There is very little research or guidance that really tackles return on these types of teambuilding events in terms of improved business performance. There are some frameworks that point a direction. Kirkpatrick's well used model of training evaluation – that some have dismissed as 'magical thinking' – describes four levels of outcomes:
1. Reaction: trainees' perceptions of the quality and value of training
2. Learning: whether trainees have learned the skills, knowledge, or attitudes that were intended
3. Behavior: whether the acquired skills, knowledge, or attitudes, affected behavior on the job
4. Results: the impact of the training on business results, for example productivity, quality, or customer satisfaction
Charles Jennings, in a thought provoking blog around the standard models of training evaluation makes the point that a lot of planned learning activity is "sub-optimal to the extent that it provides little value to participants and their organizations" and suggests five barriers to effective learning.
But both Kirkpatrick and Jennings make reference to the point that training and development activity – including teambuilding events – need to have a positive and measurable impact on business performance. However, there is just no really satisfactory way to make the cause-effect link although some experiments have shown that there is some relationship between behavior changes and business results: for example, Level 3 behavior change like better leadership, higher team cohesiveness, better interpersonal communication, better problem solving and higher levels of trust (though it is not mentioned how these are measured) leads to Level 4 results – lower employee turnover, lower absenteeism, higher productivity, higher quality, better overall job performance
Having briefly discussed methods of evaluation we have decided to pick up more or less at the Level 4 and take a different tack. My colleagues and I are considering using a balanced business scorecard approach as our framework for measuring the benefits of the teambuilding event we participated in last week. We think we could usefully measure in the four quadrants of
Customers, Business Processes, Financials and Learning. (The standard four), but it will probably behoove us to real the primer by Paul Niven Balanced Scorecard Step-by-Step: Maximizing Performance and Maintaining Results before launching into an evaluation process. However, this will be a bit of a retrofit as the subject of evaluation came up after the event and so wasn't a front of mind consideration in the original design. (Should it have been? Would the evaluation outcome be more or less valuable if we had thought of evaluation as part of the design?)

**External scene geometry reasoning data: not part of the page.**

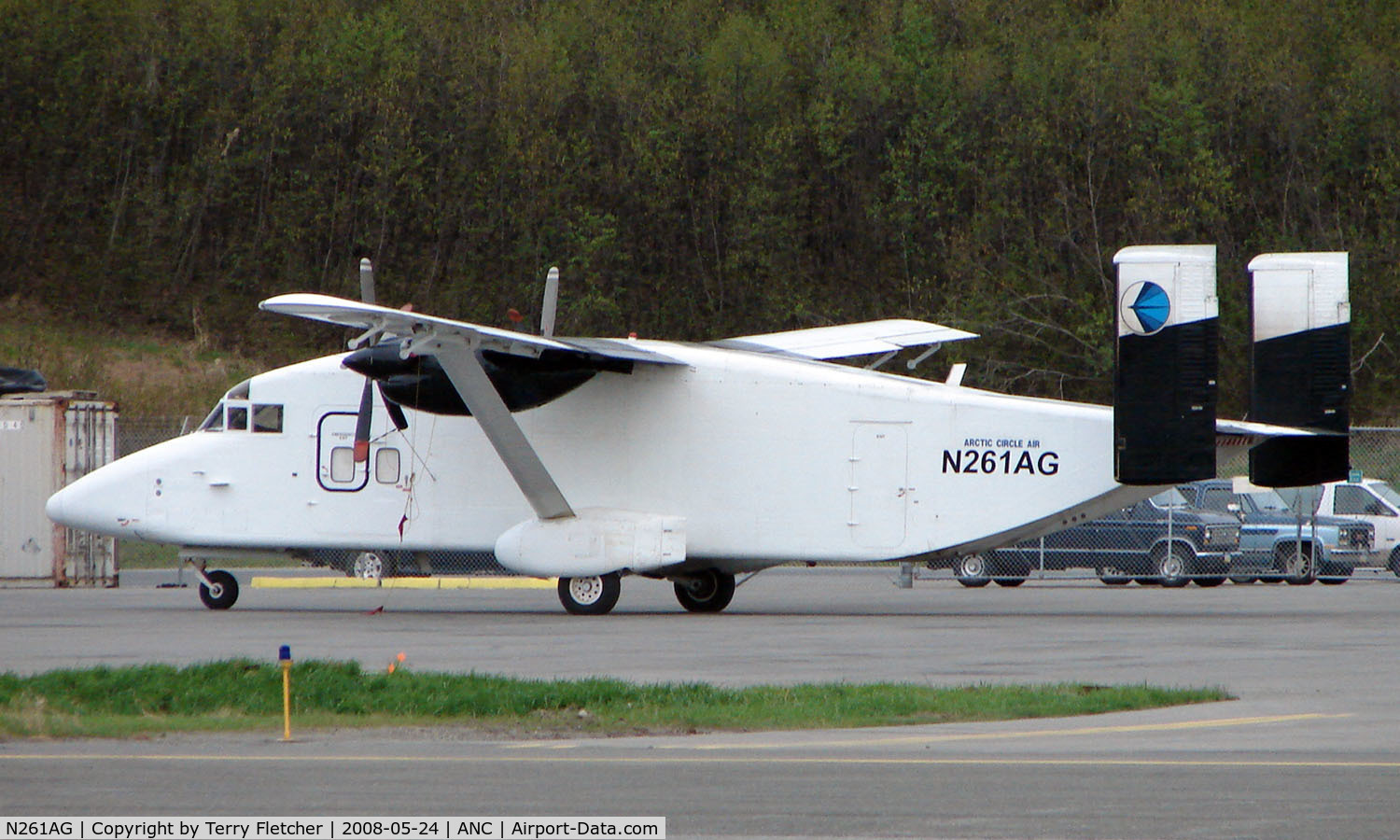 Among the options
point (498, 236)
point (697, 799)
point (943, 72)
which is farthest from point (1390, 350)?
point (697, 799)

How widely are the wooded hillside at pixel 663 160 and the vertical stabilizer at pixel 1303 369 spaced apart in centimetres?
3065

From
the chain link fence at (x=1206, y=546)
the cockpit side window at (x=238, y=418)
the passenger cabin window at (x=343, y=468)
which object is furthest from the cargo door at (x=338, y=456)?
the chain link fence at (x=1206, y=546)

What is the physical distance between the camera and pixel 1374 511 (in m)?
28.6

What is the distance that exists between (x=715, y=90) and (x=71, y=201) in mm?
23394

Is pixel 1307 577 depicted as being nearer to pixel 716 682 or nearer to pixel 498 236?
pixel 716 682

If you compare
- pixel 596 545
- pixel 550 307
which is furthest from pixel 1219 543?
pixel 550 307

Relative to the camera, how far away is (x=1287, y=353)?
19391 mm

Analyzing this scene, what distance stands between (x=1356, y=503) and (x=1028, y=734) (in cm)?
2072

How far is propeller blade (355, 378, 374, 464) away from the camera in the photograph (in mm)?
20594

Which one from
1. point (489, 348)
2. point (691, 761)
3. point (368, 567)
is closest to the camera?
point (691, 761)

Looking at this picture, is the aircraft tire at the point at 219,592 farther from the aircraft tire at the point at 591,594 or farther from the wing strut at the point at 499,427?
the aircraft tire at the point at 591,594

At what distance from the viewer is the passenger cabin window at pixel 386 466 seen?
21.3m

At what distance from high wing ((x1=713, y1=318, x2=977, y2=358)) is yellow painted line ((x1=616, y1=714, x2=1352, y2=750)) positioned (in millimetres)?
11772

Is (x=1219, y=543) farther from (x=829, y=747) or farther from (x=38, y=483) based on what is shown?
(x=38, y=483) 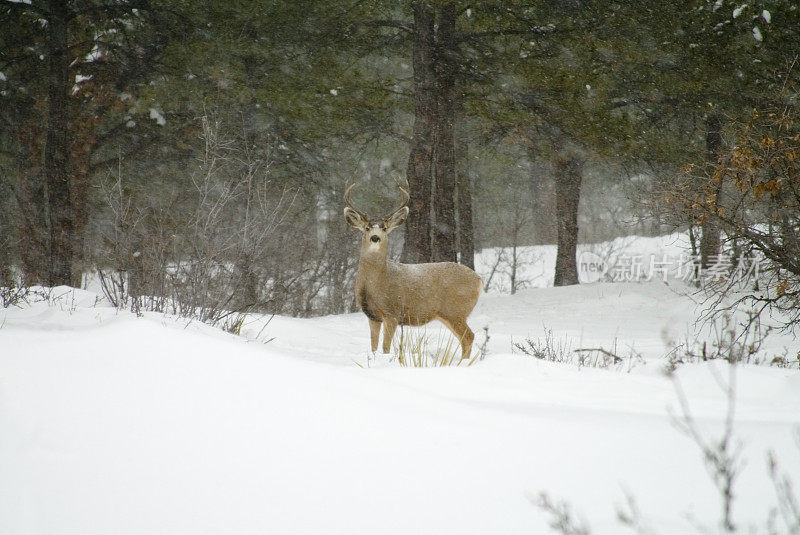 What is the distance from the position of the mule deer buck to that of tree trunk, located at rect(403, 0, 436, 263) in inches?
174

Anyway, here are my first suggestions on the measures we could consider:
- Customers: The non-profit we worked with implement some of our suggestions and measure their own business performance improvement as a result of this implementation.

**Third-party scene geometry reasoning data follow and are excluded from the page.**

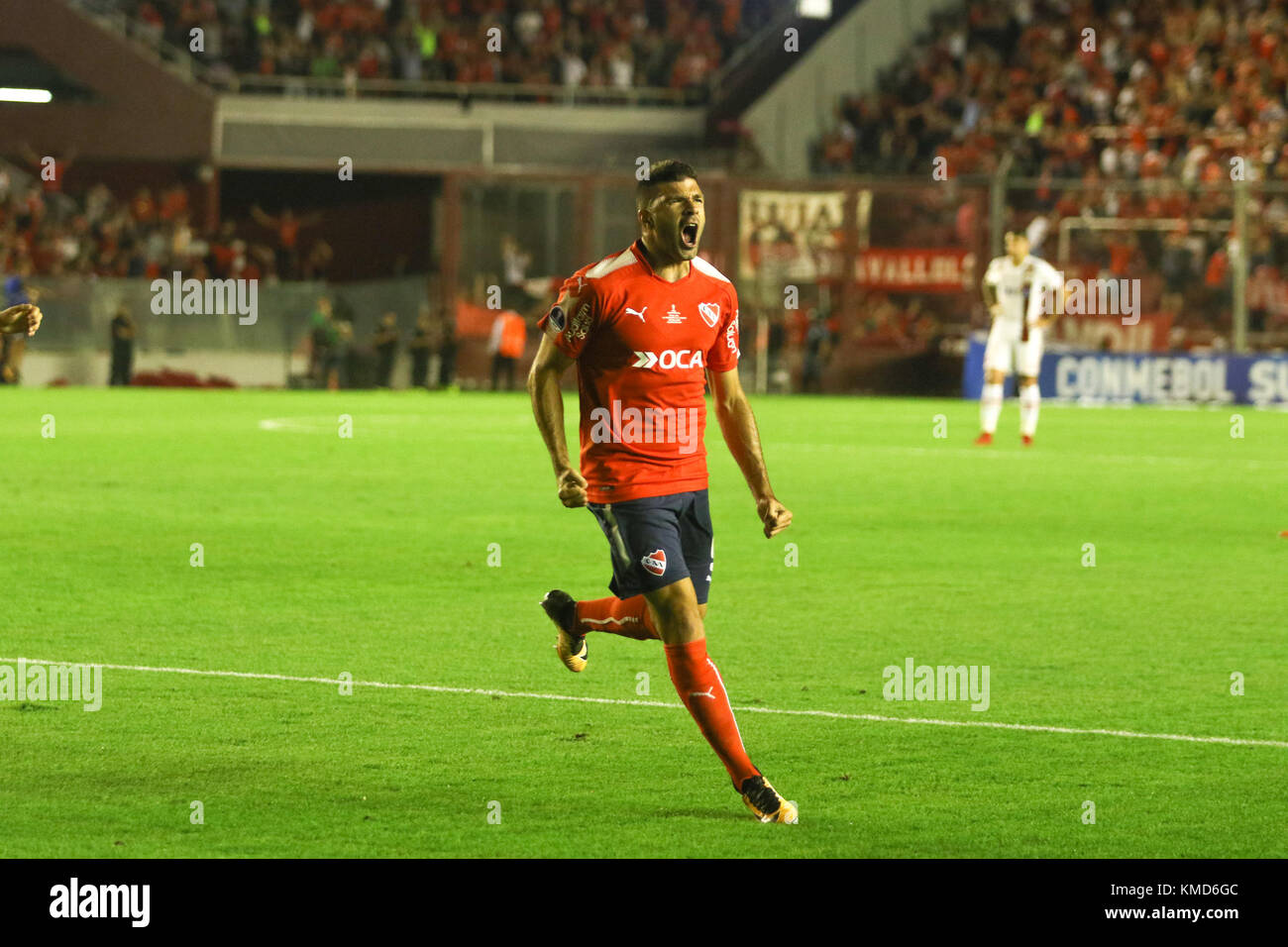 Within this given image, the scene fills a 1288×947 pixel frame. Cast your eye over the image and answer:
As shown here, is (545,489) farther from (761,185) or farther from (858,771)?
(761,185)

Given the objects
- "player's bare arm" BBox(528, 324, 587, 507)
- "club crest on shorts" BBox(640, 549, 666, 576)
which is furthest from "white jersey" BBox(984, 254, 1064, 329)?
"club crest on shorts" BBox(640, 549, 666, 576)

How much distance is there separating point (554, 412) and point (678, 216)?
2.79 ft

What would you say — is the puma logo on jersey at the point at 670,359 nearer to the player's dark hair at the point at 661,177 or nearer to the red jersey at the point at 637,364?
the red jersey at the point at 637,364

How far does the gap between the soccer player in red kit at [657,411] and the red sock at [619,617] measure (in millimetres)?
627

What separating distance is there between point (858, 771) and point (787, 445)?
16888 millimetres

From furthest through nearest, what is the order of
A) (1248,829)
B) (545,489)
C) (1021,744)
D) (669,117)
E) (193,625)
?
(669,117) → (545,489) → (193,625) → (1021,744) → (1248,829)

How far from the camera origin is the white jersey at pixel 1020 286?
24219 millimetres

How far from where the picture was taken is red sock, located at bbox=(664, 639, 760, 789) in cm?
663

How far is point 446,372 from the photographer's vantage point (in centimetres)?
3822

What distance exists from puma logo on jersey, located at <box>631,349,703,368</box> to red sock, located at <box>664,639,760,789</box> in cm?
97

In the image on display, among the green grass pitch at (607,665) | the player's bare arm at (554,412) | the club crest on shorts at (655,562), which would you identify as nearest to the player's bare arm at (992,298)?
the green grass pitch at (607,665)

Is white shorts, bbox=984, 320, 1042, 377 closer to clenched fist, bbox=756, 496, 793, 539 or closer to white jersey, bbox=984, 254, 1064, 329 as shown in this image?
white jersey, bbox=984, 254, 1064, 329

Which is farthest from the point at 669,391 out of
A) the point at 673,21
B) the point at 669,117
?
the point at 673,21

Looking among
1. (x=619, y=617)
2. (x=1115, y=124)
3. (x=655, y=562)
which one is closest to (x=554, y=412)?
(x=655, y=562)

- Business process: We action our talk on the marketing process and collateral, send it to potential customers, win business as a direct response to this marketing and measure the value of the win
- Learning: We use what we have learned about each other to develop a new service offering that draws on our collectivity of skill sets. We successfully sell this to one or more clients in the coming year (and it measurably improves their business performance as well as ours).
- Financials: We tot up the direct and indirect financial costs of the two days. Knowing these and also knowing the financial benefit of winning business and improving the performance.
Any further thoughts on how to measure the business value and ROI of teambuilding events would be most welcome. Do you use the Kirkpatrick model, business scorecard, or some other method?